À titre d’illustrations remarquables, outre les raisons médiatisées, les avocats nommés Nzamwita Toy et Mutunzi Donat ont été assassinés par le régime parce qu’ils étaient manifestement riches sans aucune justification ; qu’ils n’intégraient pas les gens du régime dans leurs affaires si affriolantes et que probablement ces fonds provenait des gens de l’opposition politique vivant à l’étranger.  En effet, Me Toy possédait une maison en étage et conduisait une jeep v8 et sommes pharamineuses sur ses comptes. Quant à Me Mutunzi Donat, il possédait de grosses sommes en devises, de nombreuses villas et étages dans la ville de Kigali et dans les provinces sans oublier les immenses lopins de terres dans la province orientale dont il est originaire et qui dérangeaient les tenants du régime qui eux les ont squattés sans contrepartie. 

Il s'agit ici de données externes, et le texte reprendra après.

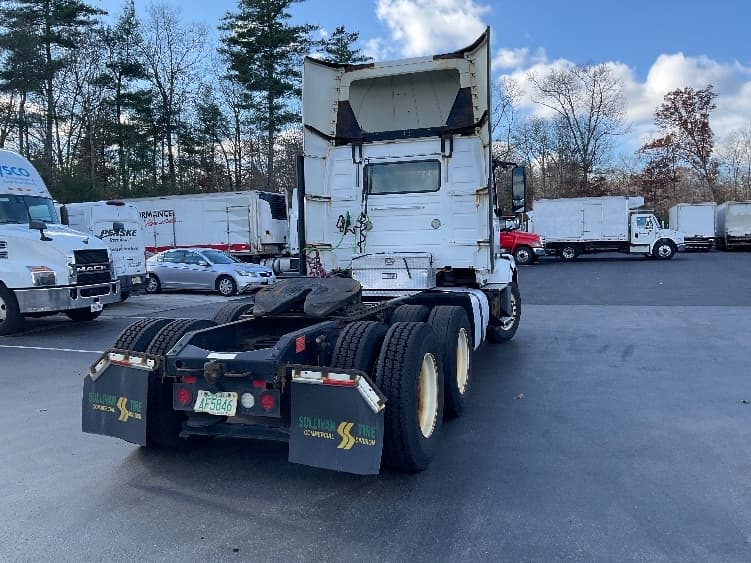 2015 Volvo VNL 300 — photo 7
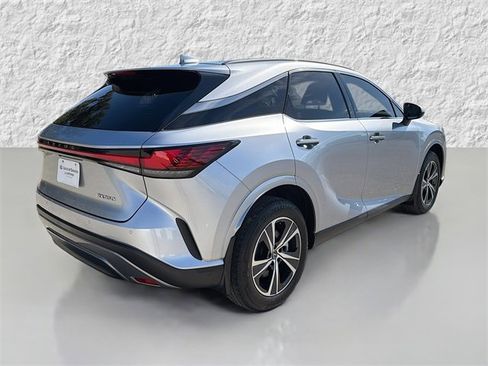 Used 2024 Lexus RX 350 Premium image 3
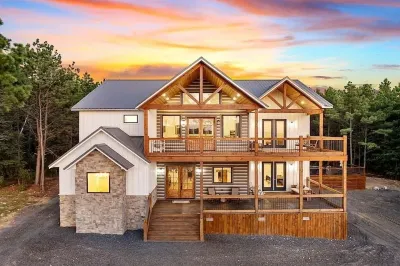 Diamond Sunset Retreat w/ Pool, Hot Tub, Game Room & Stunning Outdoor Spaces! Hotel a 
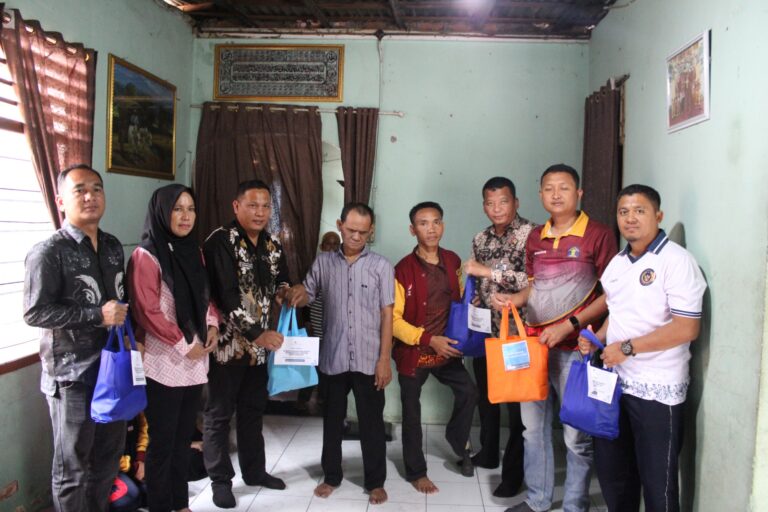 Satu Langkah, Satu Semangat untuk bangsa : Lapas Muara Enim Tebar Kepedulian Lewat Bakti Sosial*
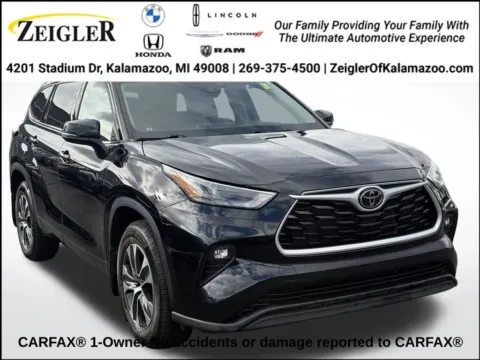 Black 2022 Toyota Highlander XLE for sale in Kalamazoo, MI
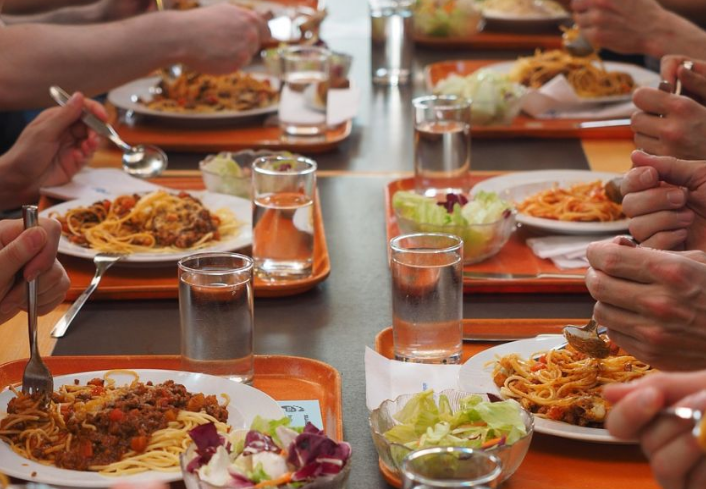 飯堂吃飯-無版權 飯堂吃飯-無版權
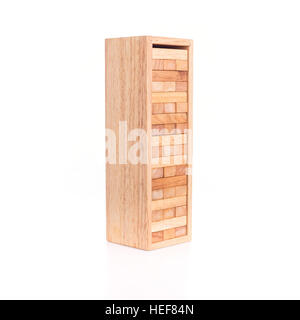 Nahaufnahme der Blöcke Holz Spiel (Jenga) isoliert auf weißem Hintergrund Stockfoto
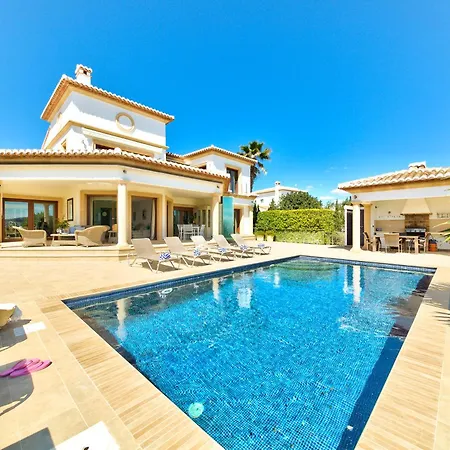 Vistamar - Sea Views In Moraira
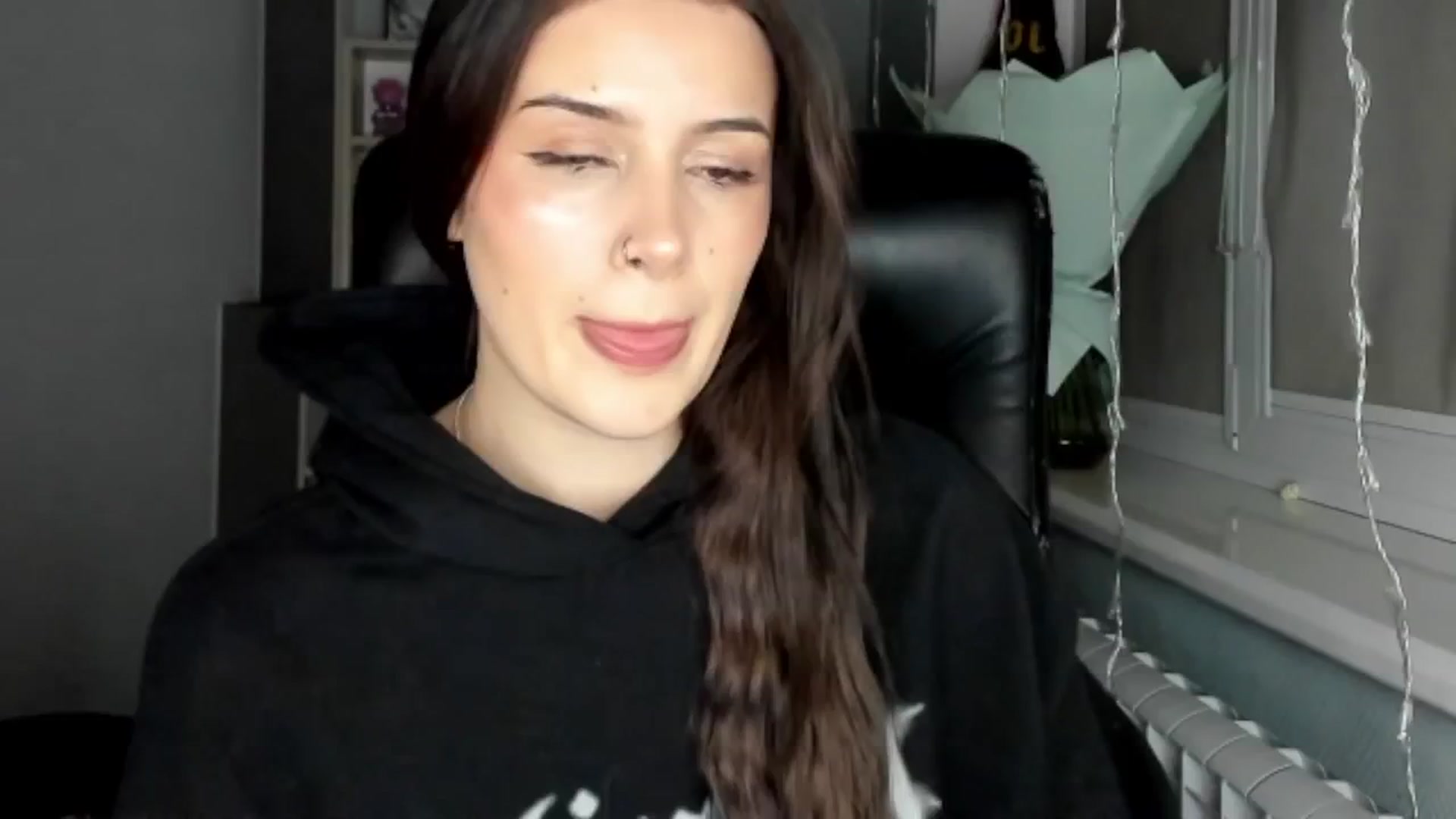 Gallery image thumbnail from Eliza_beth's myfreecams stream on, 12/17/2024, 16:19 image 6 of 20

Les raisons de la création du centre

Il va sans dire alors que la création d’un tel centre sert à formaliser ce qui se tramait dans la clandestinité et qui causait souvent des morts inavouées où le régime prétendait que les victimes s’étaient suicidées ou avaient échappé au contrôle de la circulation routière, comme si la police ignorait la loi au point de tuer un conducteur qui n’arrêterait pas son véhicule alors qu’elle peut facilement identifier sa plaque d’immatriculation. De plus, ils pourront savoir d’où viennent les fonds, notamment ceux envoyés par des parents vivant à l’étranger et qui s’opposent au régime ; ils connaîtront les riches vers qui ils se tourneront pour financer leurs projets. Ainsi, on sait que les institutions privées sont obligées de payer des sommes de besoin et celles qui refusent sont privées des avantages que l’Etat peut leur accorder. Dans cette optique, un certain Gérard Urayeneza est condamné à la prison à vie pour le seul fait qu’il ne voulait pas partager ses millions que le régime a détecté sur ses comptes bancaires. Sina Gérard qui n’avait concédé que 3 millions à Agaciro Development Fund alors que le régime connait bel et bien ses richesses avait été privées de ses clients à Nyirangarama où la police routière a placé les panneaux de signalisation prohibant le stationnement et lorsqu’il a augmenté la somme tout a été décanté et il a obtenu le contrat pour l’approvisionnement des prisons en vivres. En vertu de quelle loi ont-ils accédé au compte bancaire de Karasira ? La somme qu’il possède est qualifiée d’enrichissement illicite du seul fait que parmi les donateurs se trouvent des personnes appartenant à l’opposition politique.

Conclusion

La création d’un tel centre permettra de relever certains défis que subissent au quotidien les institutions judiciaires et du bureau de l’ombudsman pour vérifier les déclarations des fonctionnaires qui déclarent souvent ce qu’il y a sur leurs comptes ou biens qu’ils possèdent à l’intérieur du pays alors qu’en réalité, ils ont envoyé leur argent dans le monde entier ou derrière d’autres noms. Cependant, ce centre risque de déclencher l’insécurité financière des citoyens rwandais car lorsque le régime est au courant de ce que vous possédez, votre vie privée est menacée et votre résistance à les impliquer dans vos affaires entraîne la mort.